When handling money in MySQL, use DECIMAL(13,2) if you know the precision of your money values or use DOUBLE if you just want a quick good-enough approximate value.
So if your application needs to handle money values up to a trillion dollars (or euros or pounds), then this should work:
DECIMAL(13, 2)
Or, if you need to comply with GAAP then use:
DECIMAL(13, 4)
The money datatype on SQL Server has four digits after the decimal.
From SQL Server 2000 Books Online:
Monetary data represents positive or negative amounts of money. In Microsoft® SQL Server™ 2000, monetary data is stored using the money and smallmoney data types. Monetary data can be stored to an accuracy of four decimal places. Use the money data type to store values in the range from -922,337,203,685,477.5808 through +922,337,203,685,477.5807 (requires 8 bytes to store a value). Use the smallmoney data type to store values in the range from -214,748.3648 through 214,748.3647 (requires 4 bytes to store a value). If a greater number of decimal places are required, use the decimal data type instead.
4 decimal places would give you the accuracy to store the world's smallest currency sub-units. You can take it down further if you need micropayment (nanopayment?!) accuracy.

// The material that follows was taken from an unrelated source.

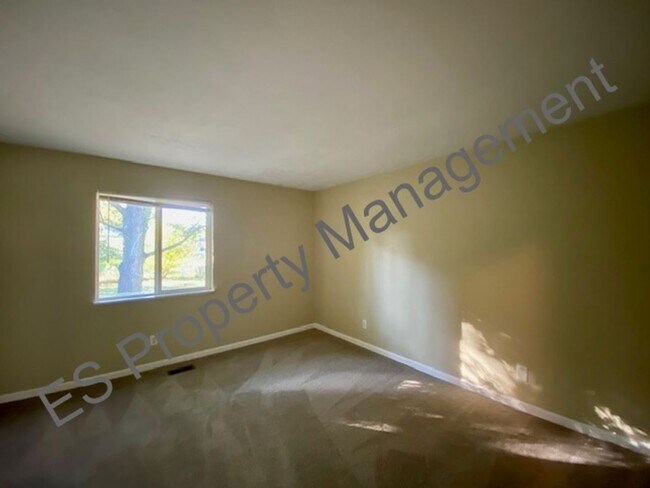 Building Photo - 3 Bedroom 1 Bathroom Ranch Style Home in Perry Township!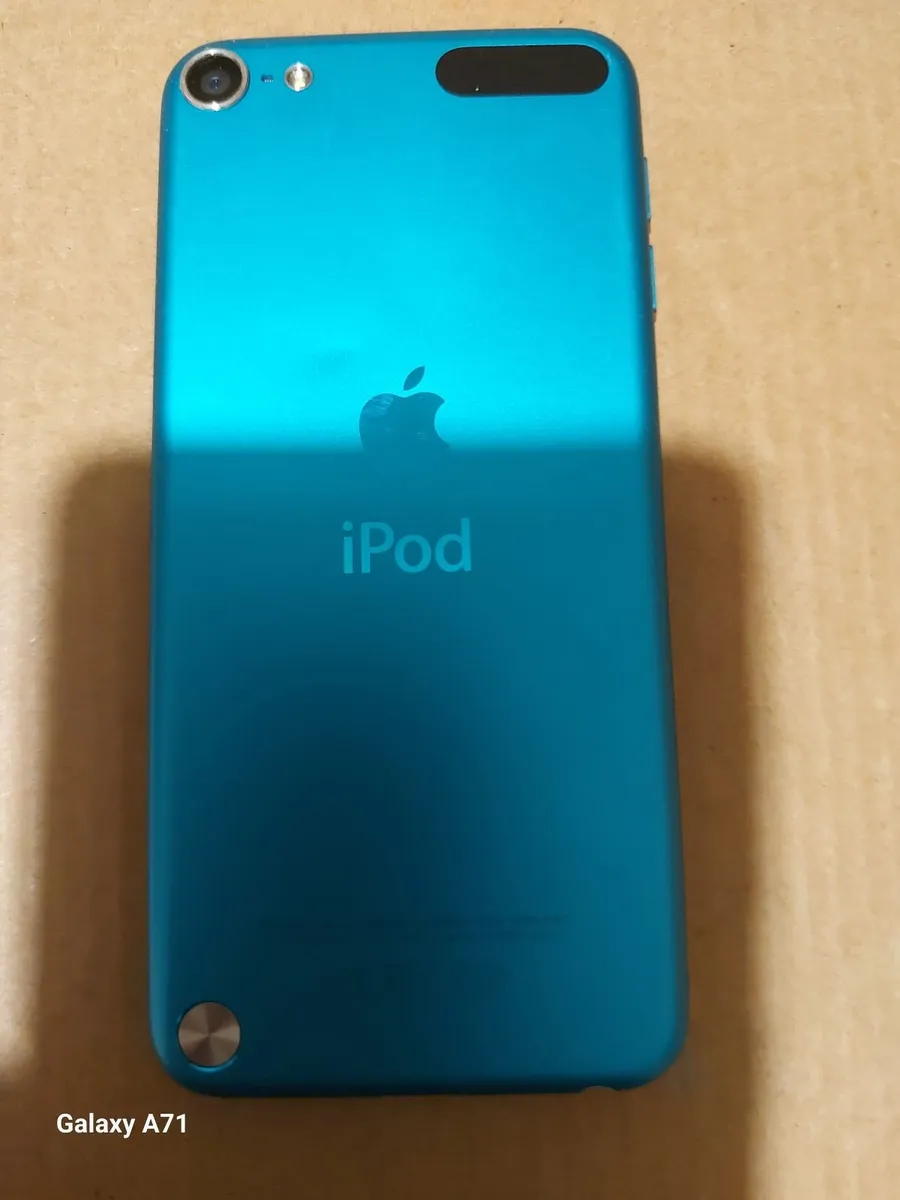 Apple iPod Touch, 5th Generation, 16GB, Blue - Image 2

I too prefer DECIMAL to DBMS-specific money types, you're safer keeping that kind of logic in the application IMO. Another approach along the same lines is simply to use a [long] integer, with formatting into ¤unit.subunit for human readability (¤ = currency symbol) done at the application level.
If you were using IBM Informix Dynamic Server, you would have a MONEY type which is a minor variant on the DECIMAL or NUMERIC type. It is always a fixed-point type (whereas DECIMAL can be a floating point type). You can specify a scale from 1 to 32, and a precision from 0 to 32 (defaulting to a scale of 16 and a precision of 2). So, depending on what you need to store, you might use DECIMAL(16,2) - still big enough to hold the US Federal Deficit, to the nearest cent - or you might use a smaller range, or more decimal places.
Sometimes you will need to go to less than a cent and there are international currencies that use very large demoniations. For example, you might charge your customers 0.088 cents per transaction. In my Oracle database the columns are defined as NUMBER(20,4)
If you're going to be doing any sort of arithmetic operations in the DB (multiplying out billing rates and so on), you'll probably want a lot more precision than people here are suggesting, for the same reasons that you'd never want to use anything less than a double-precision floating point value in application code.
I would think that for a large part your or your client's requirements should dictate what precision and scale to use. For example, for the e-commerce website I am working on that deals with money in GBP only, I have been required to keep it to Decimal( 6, 2 ).
A late answer here, but I've used
DECIMAL(13,2)
which I'm right in thinking should allow upto 99,999,999,999.99.